Lightning Podiums: Spinal Potpourri - 803B

Presented by: W. Cho


W. Cho(1), W. Wang(2), B. Bucklen(2)

(1) Albert Einstein College of Medicine/Montefiore Medical Center, Department of Orthopaedic Surgery, Bronx, NY, United States
(2) Musculoskeletal Education of Research Center, Biomechanics, Audubon, PA, United States


Introduction: Posterior lumbopelvic fixation with iliac screws is a method that is commonly used for reconstructing the spine. However, clinically significant failure of lumbopelvic fixation (11.9%) and other complications such as pseudoarthrosis (observed in up to 50% of patients with rod failure) are possible, requiring revision surgery. With high rates of implant failure, questions remain regarding mechanical risk factors, or if there is any relationship between implant type, spinopelvic parameters, and failure to achieve fusion. The purpose of this study is to identify if - and to what extent - spinal-pelvic parameters play a role in construct failure using an in-silico model.

Materials and Methods: Finite element models (T10-pelvis) were created to match the average spinal-pelvic parameters (pelvic tilt, sacral slope, and lumbar lordosis) of two cohorts of patients reported in the literature [1], major-failure (defined as pseudoarthrosis or rod fracture above S1) and non-failure groups. In both groups, vertebral segments were modeled as three-dimensional solid elements. Intervertebral discs were structured as hyperelastic materials. The sacroiliac joint was modeled as articular cartilage contacts surrounded by six types of strong ligaments, depicted as spring elements. Pedicle screws with 5.5mm diameters were modeled as titanium cylinders (yield strength = 795MPa). A moment load was applied at the T10 superior endplate to simulate gravimetric loading in a standing position.

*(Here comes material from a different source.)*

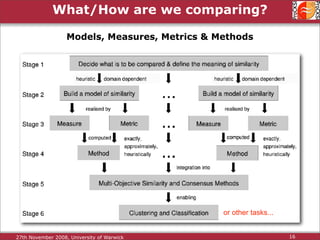 Protein Structure Alignment and Comparison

Results: Despite a fixed gravity line position relative to the heels, differences in spinopelvic parameters resulted in a neutral sagittal alignment in the non-failure spine model, but produced a "sagittal forward" alignment of the major-failure spine model [3]. In order for the latter to maintain sagittal balance, pelvic retroversion was reported [3] and the major-failure spine was translated toward the heel by 10mm to simulate that. As a result, the bending moment was approximately 17.3Nm in the non-failure group and 20.7Nm in the major-failure group. Differences in loads produced 14mm translation and 4.9 degree rotation for the major-failure group - 18% and 14% higher than in the non-failure group (11.9mm translation/4.3 degree rotation) (Figure). Rod stresses were highest at L1-L2 and L4-L5. In the major-failure group, the maximum stress (138.3 MPa) was observed at the left rod between L4 and L5. In the non-failure group, the maximum stress (115.4 MPa) was at the left rod surface between L1 and L2. High stress (141.0 MPa) was also observed in right S1 screws in the major-failure group; it was 42% higher than the stress observed in the non-failure group.

Conclusion: Due to compensatory differences in alignment of spinopelvic parameters between normal and failed spines, in the presence of a fixed gravity line, the major failure cohort in this study observed a 20% higher load and 18% greater instability. The higher load and instability further increased loading and mechanical demand on the posterior rods in the lower lumbar spine, further emphasizing the importance of proper sagittal alignment.